Given entries section start

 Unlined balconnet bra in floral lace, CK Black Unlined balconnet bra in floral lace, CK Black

Given entries section end
Given entries section start

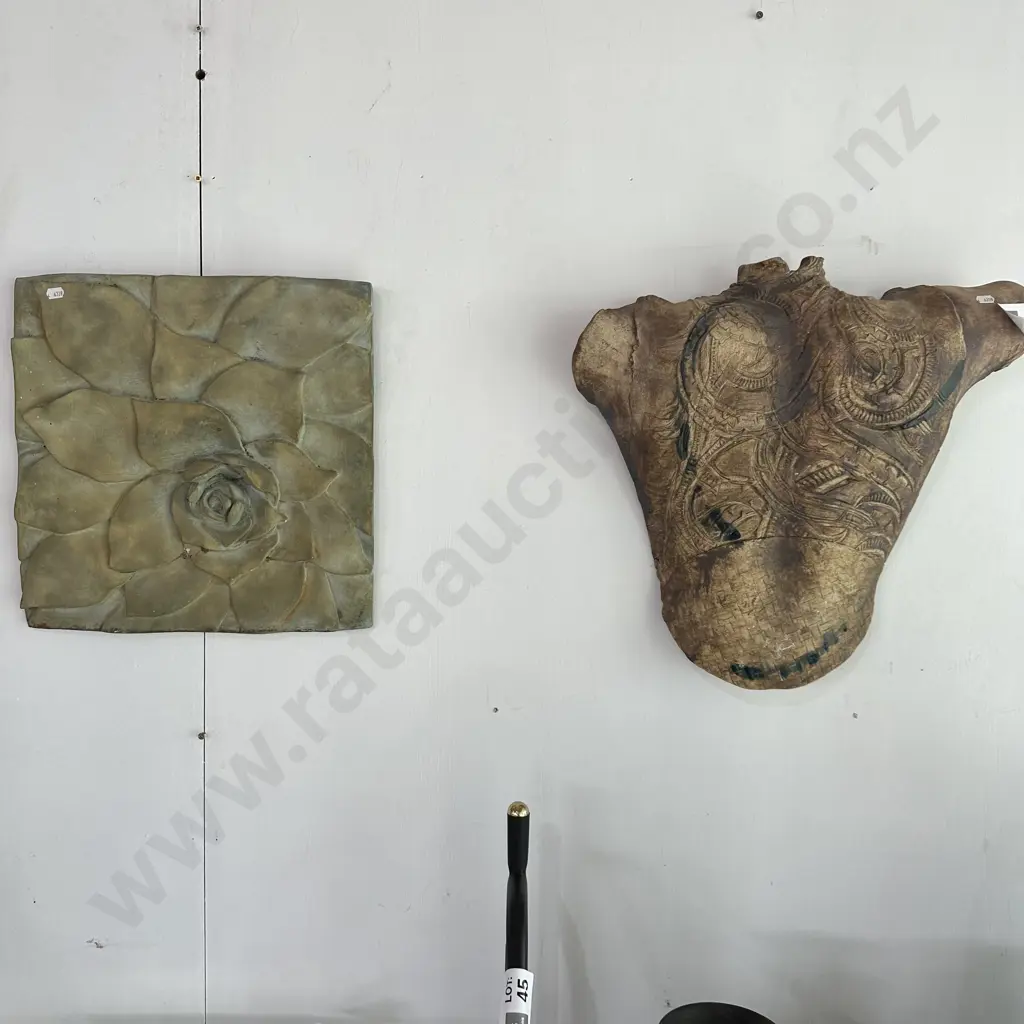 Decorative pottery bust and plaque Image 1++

Given entries section end
Given entries section start

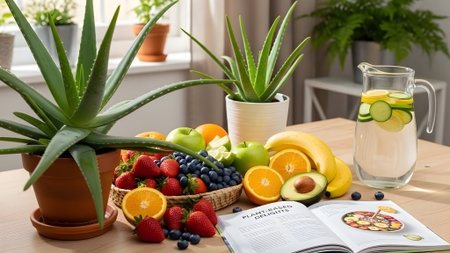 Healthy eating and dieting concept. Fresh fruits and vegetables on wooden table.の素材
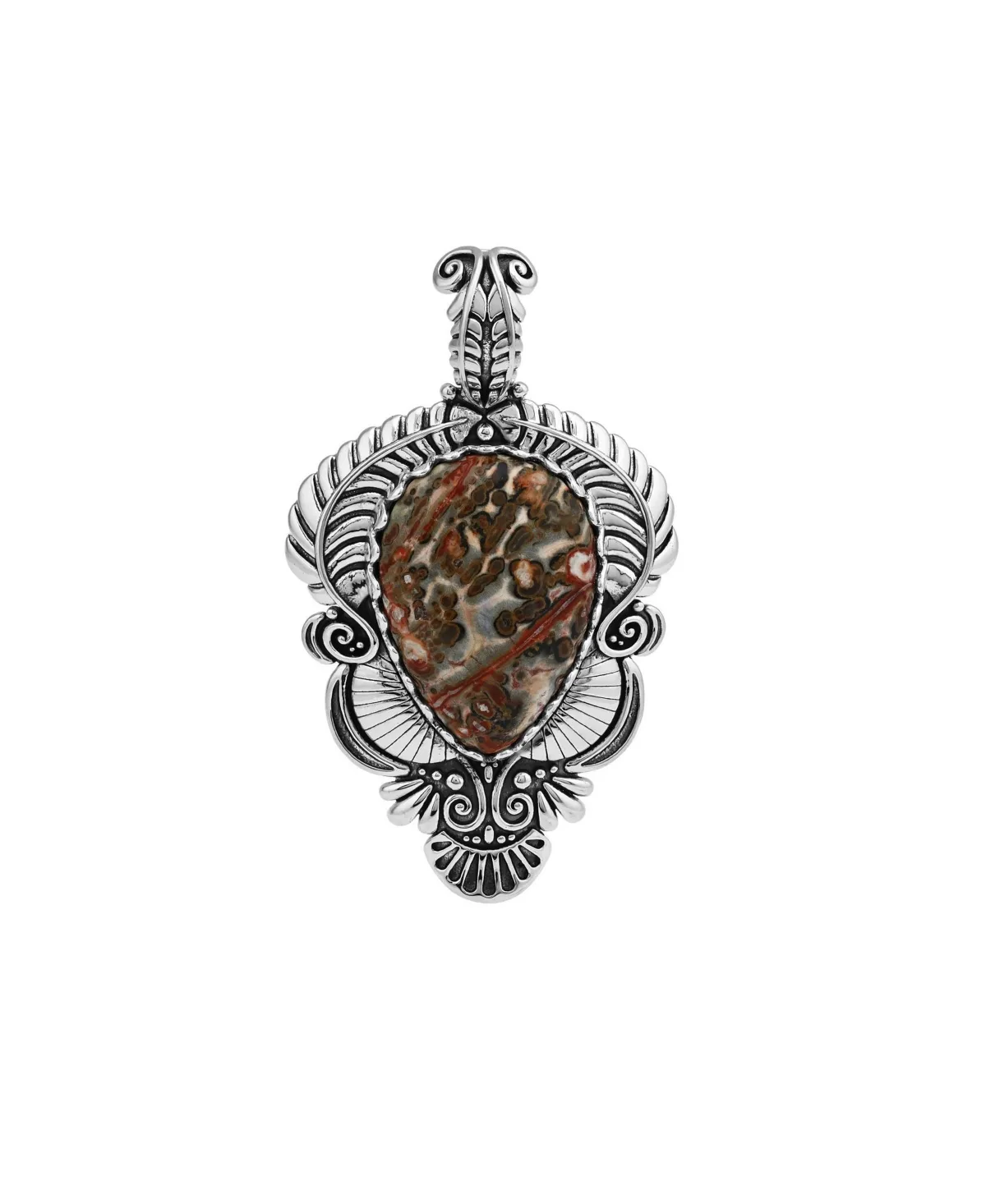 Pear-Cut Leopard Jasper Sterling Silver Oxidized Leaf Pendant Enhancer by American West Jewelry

Given entries section end

# [Work request]
Copy only this from above: the line containing "Healthy eating and", the line containing "Pear-Cut Leopard Jasper", and all lines between, printed exactly. Leave out the pictures.

# [Solution for this task]
 Healthy eating and dieting concept. Fresh fruits and vegetables on wooden table.の素材
 Pear-Cut Leopard Jasper Sterling Silver Oxidized Leaf Pendant Enhancer by American West Jewelry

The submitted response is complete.